** Opening DATASET EXTRACT block **
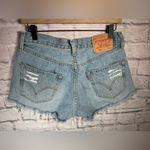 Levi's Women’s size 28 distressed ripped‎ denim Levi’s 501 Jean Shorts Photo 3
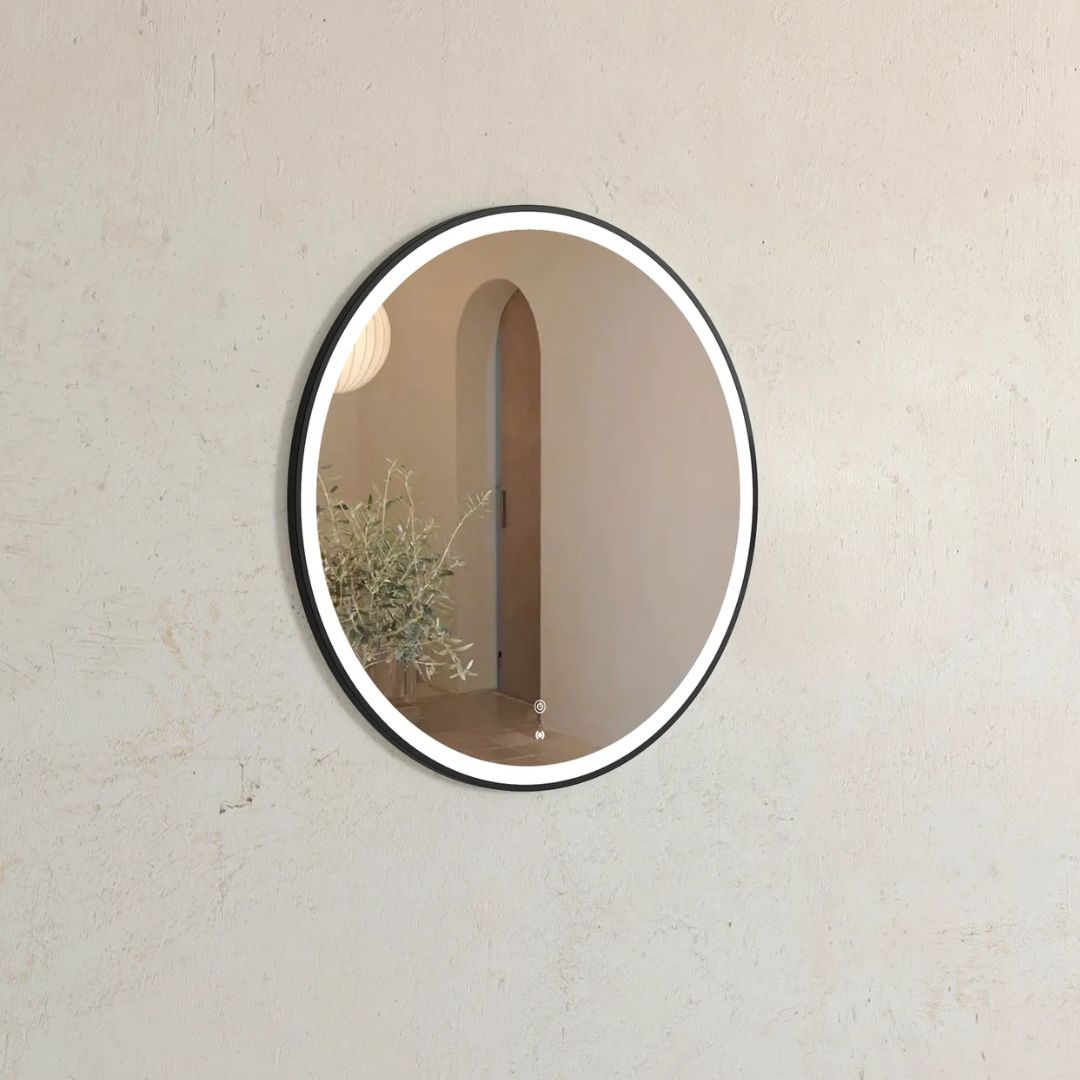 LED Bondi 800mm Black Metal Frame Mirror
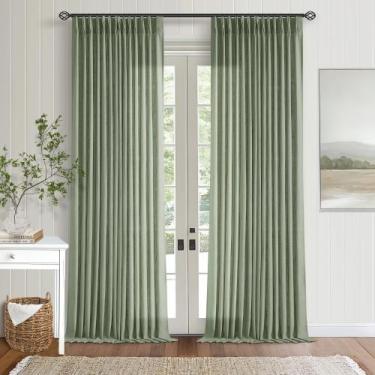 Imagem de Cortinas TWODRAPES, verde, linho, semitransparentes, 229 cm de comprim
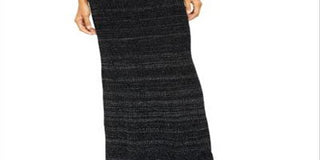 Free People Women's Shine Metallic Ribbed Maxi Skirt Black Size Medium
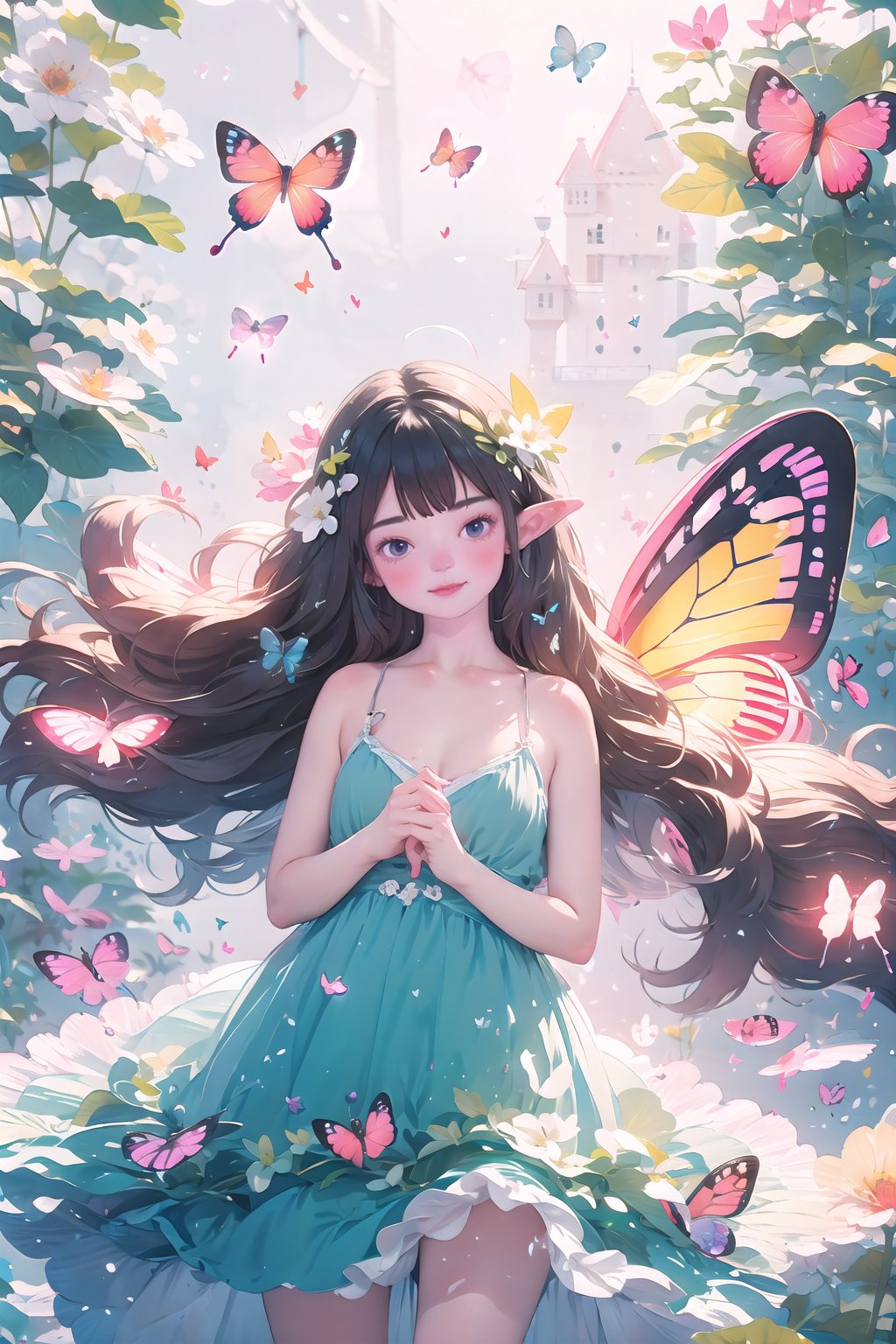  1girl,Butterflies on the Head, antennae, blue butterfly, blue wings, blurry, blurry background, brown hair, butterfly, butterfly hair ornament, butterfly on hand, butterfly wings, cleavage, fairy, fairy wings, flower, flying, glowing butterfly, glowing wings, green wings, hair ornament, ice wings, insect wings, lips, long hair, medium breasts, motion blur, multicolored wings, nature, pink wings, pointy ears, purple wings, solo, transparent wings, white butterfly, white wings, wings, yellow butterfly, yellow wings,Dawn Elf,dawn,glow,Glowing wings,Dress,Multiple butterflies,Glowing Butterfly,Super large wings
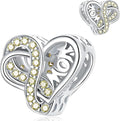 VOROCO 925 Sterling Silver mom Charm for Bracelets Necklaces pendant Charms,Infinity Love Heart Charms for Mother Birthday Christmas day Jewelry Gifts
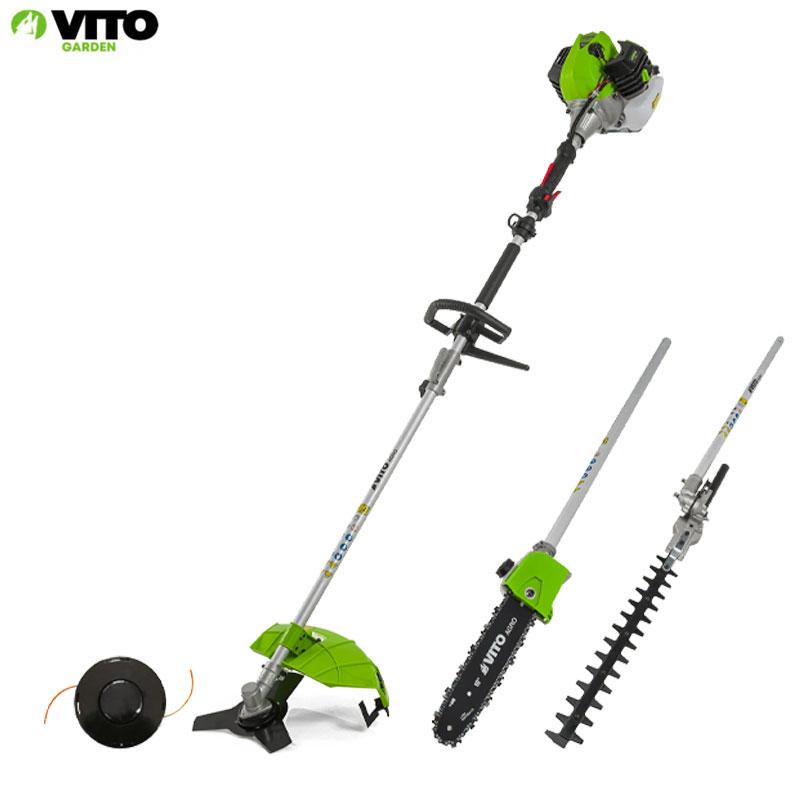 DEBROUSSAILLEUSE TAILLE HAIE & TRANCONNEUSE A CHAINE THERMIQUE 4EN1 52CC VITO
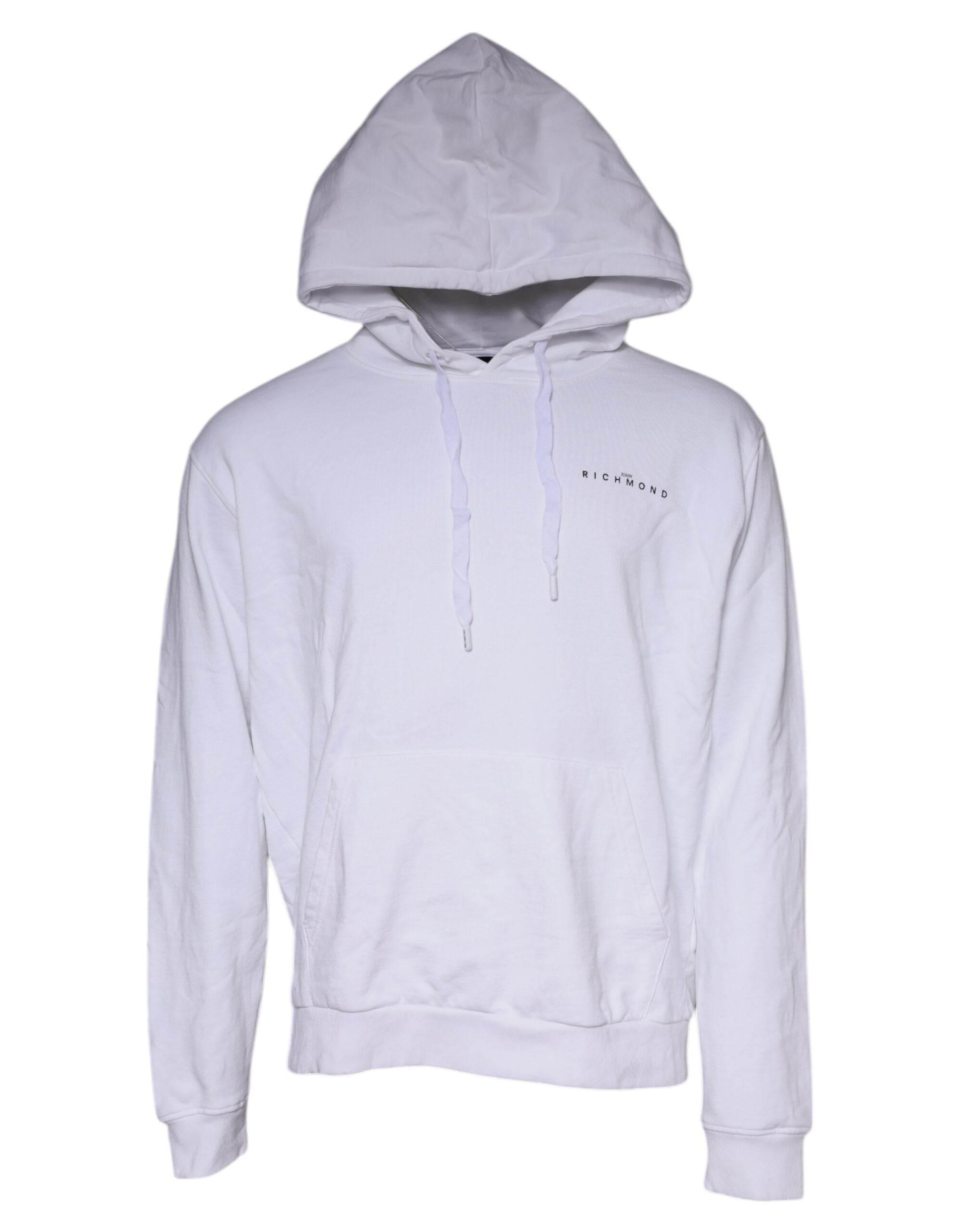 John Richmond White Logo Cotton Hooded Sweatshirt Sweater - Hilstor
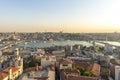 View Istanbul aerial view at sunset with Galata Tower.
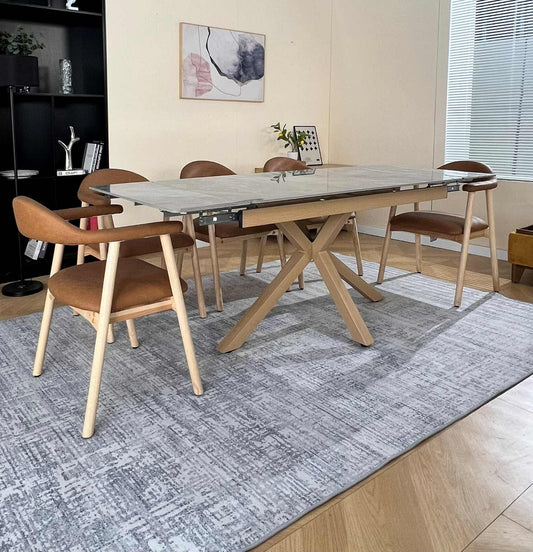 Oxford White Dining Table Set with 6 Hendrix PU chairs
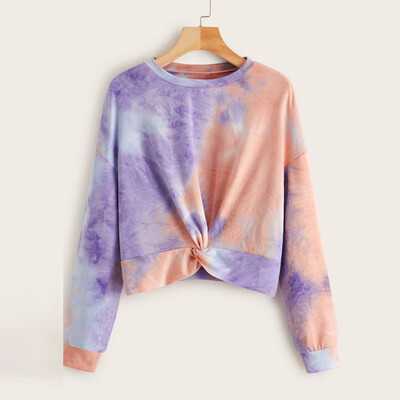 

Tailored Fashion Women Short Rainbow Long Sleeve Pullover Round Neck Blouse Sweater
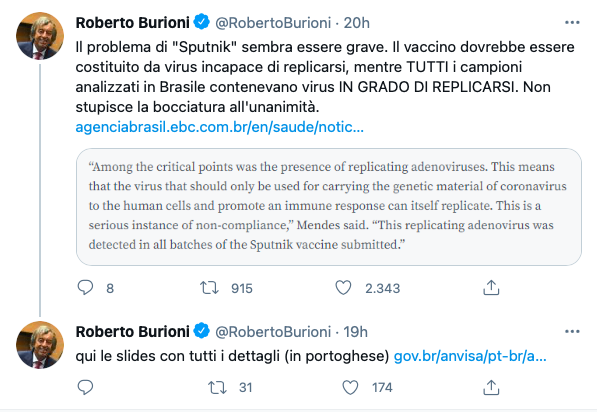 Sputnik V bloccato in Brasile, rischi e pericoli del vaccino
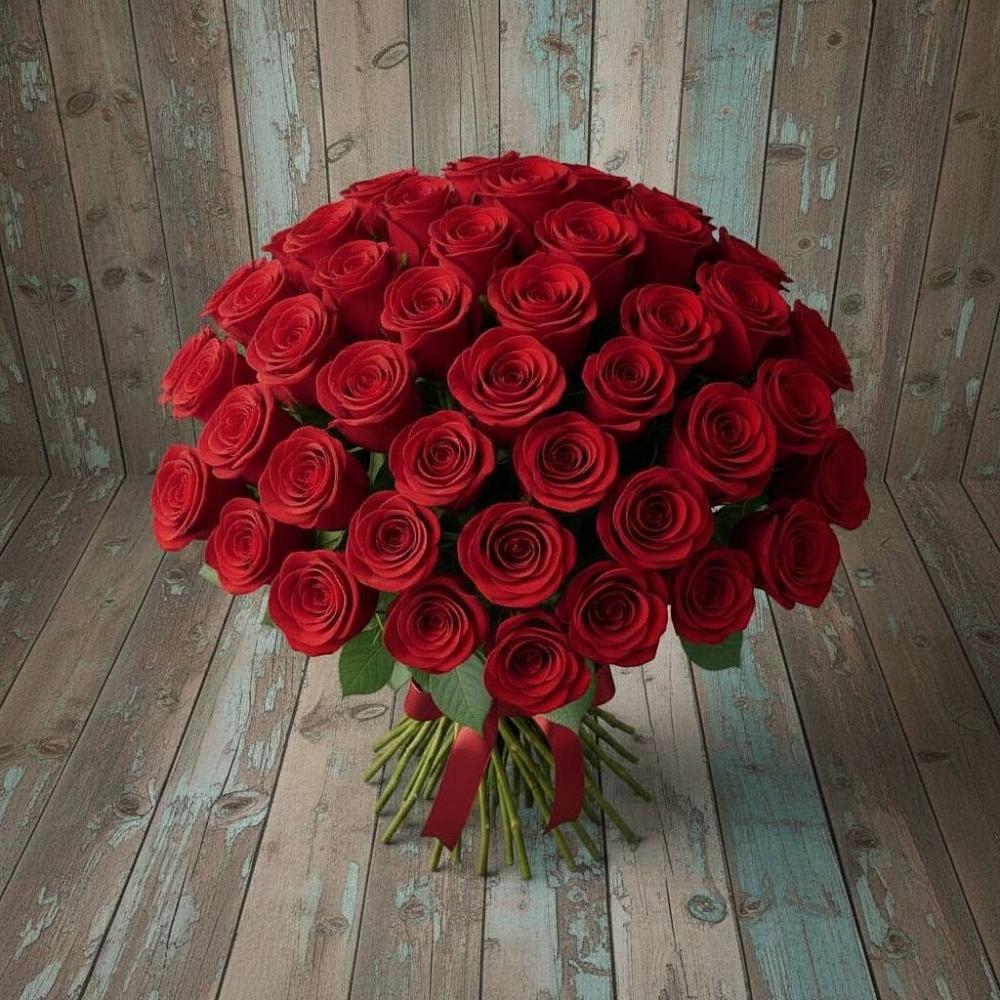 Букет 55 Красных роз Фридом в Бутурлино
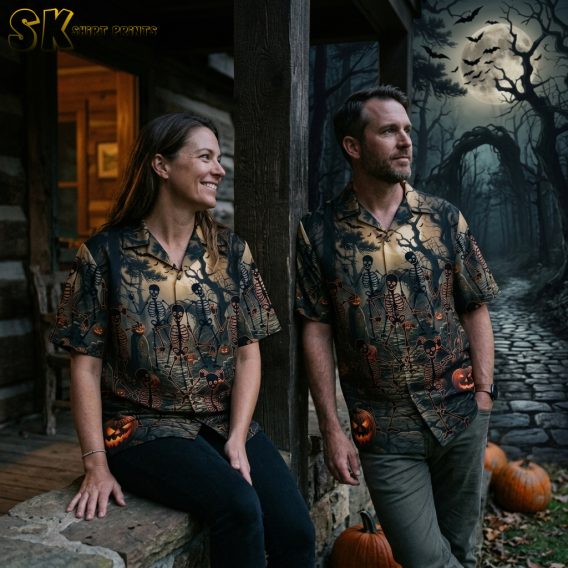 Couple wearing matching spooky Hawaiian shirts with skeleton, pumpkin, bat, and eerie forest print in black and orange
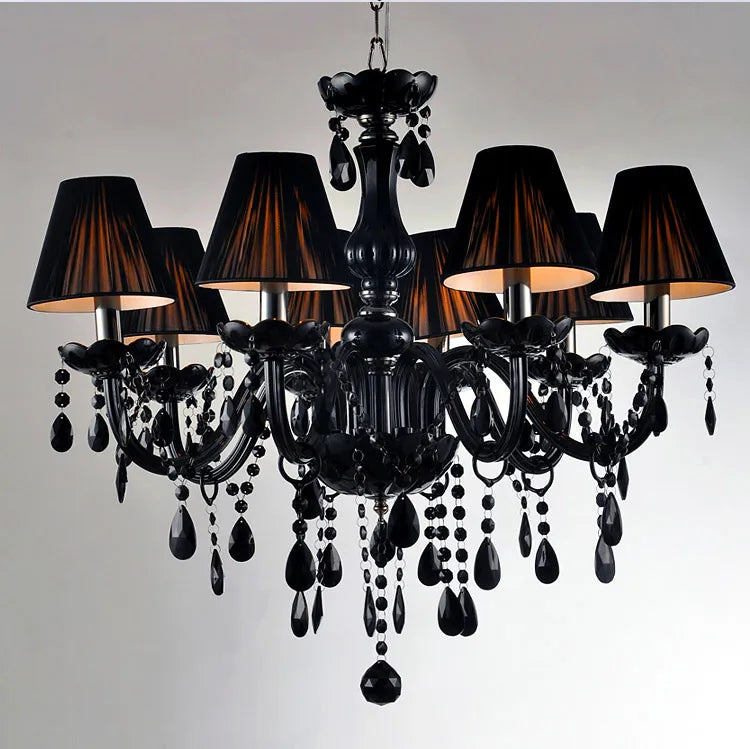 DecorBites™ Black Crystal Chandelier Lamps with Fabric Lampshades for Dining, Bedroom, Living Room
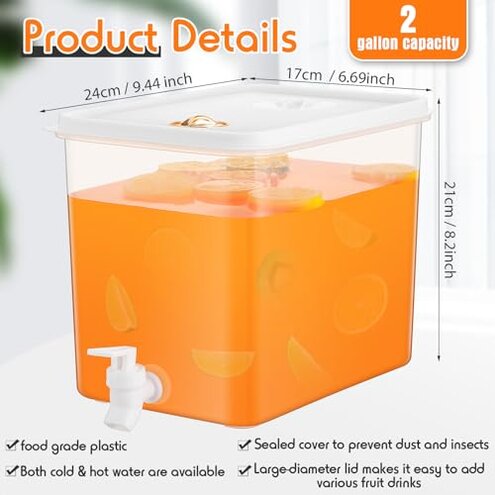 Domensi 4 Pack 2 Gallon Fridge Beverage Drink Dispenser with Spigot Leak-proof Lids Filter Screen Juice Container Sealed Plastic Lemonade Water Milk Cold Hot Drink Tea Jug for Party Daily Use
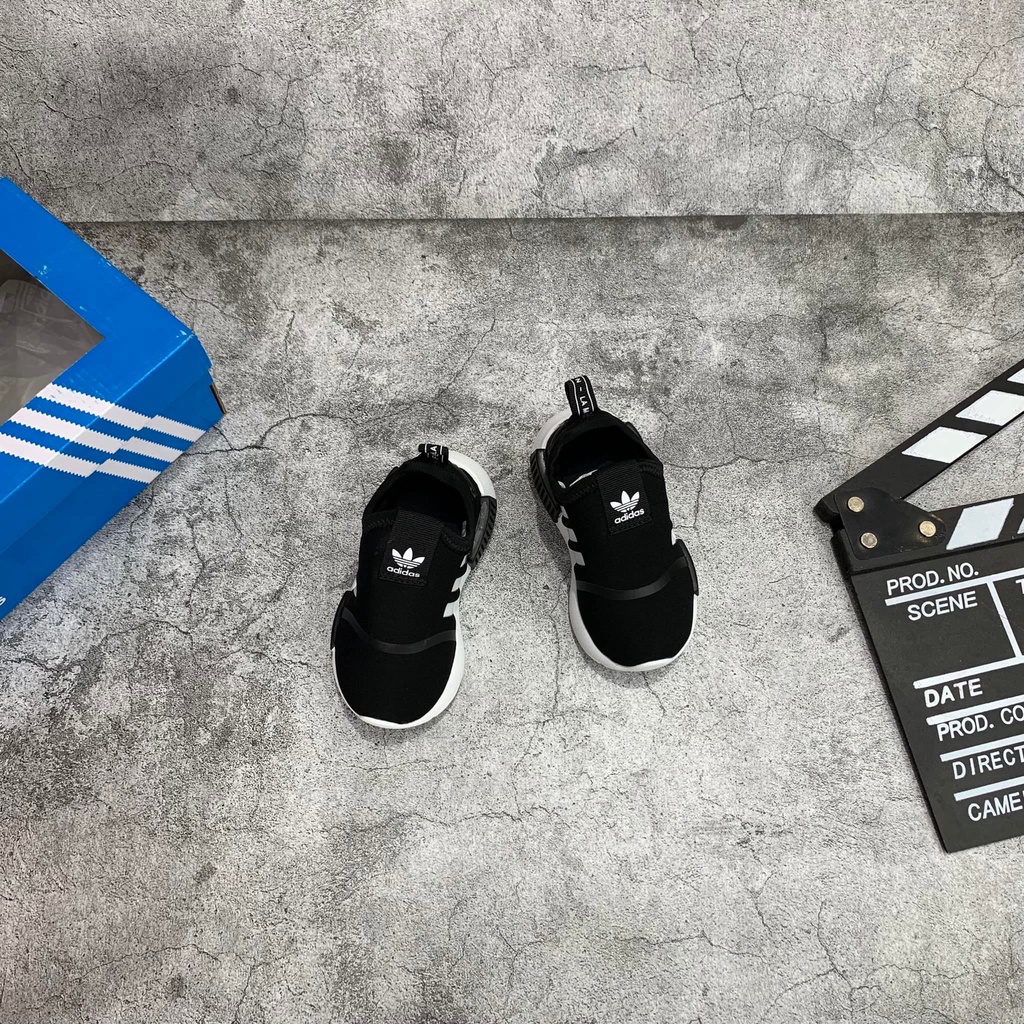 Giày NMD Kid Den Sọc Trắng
** Closing DATASET EXTRACT block **
*YOUR INSTRUCTIONS:* Every line from the one with "LED Bondi 800mm Black Metal Frame Mirror" through the one with "DecorBites™ Black Crystal" is to be reproduced exactly as written above, and the pictures are to be dropped.

*SOLUTION FOR THIS EXERCISE:*
 LED Bondi 800mm Black Metal Frame Mirror
 Imagem de Cortinas TWODRAPES, verde, linho, semitransparentes, 229 cm de comprim
 Free People Women's Shine Metallic Ribbed Maxi Skirt Black Size Medium
  1girl,Butterflies on the Head, antennae, blue butterfly, blue wings, blurry, blurry background, brown hair, butterfly, butterfly hair ornament, butterfly on hand, butterfly wings, cleavage, fairy, fairy wings, flower, flying, glowing butterfly, glowing wings, green wings, hair ornament, ice wings, insect wings, lips, long hair, medium breasts, motion blur, multicolored wings, nature, pink wings, pointy ears, purple wings, solo, transparent wings, white butterfly, white wings, wings, yellow butterfly, yellow wings,Dawn Elf,dawn,glow,Glowing wings,Dress,Multiple butterflies,Glowing Butterfly,Super large wings
 VOROCO 925 Sterling Silver mom Charm for Bracelets Necklaces pendant Charms,Infinity Love Heart Charms for Mother Birthday Christmas day Jewelry Gifts
 DEBROUSSAILLEUSE TAILLE HAIE & TRANCONNEUSE A CHAINE THERMIQUE 4EN1 52CC VITO
 John Richmond White Logo Cotton Hooded Sweatshirt Sweater - Hilstor
 View Istanbul aerial view at sunset with Galata Tower.
 Oxford White Dining Table Set with 6 Hendrix PU chairs

Tailored Fashion Women Short Rainbow Long Sleeve Pullover Round Neck Blouse Sweater
 Sputnik V bloccato in Brasile, rischi e pericoli del vaccino
 Букет 55 Красных роз Фридом в Бутурлино
 Couple wearing matching spooky Hawaiian shirts with skeleton, pumpkin, bat, and eerie forest print in black and orange
 DecorBites™ Black Crystal Chandelier Lamps with Fabric Lampshades for Dining, Bedroom, Living Room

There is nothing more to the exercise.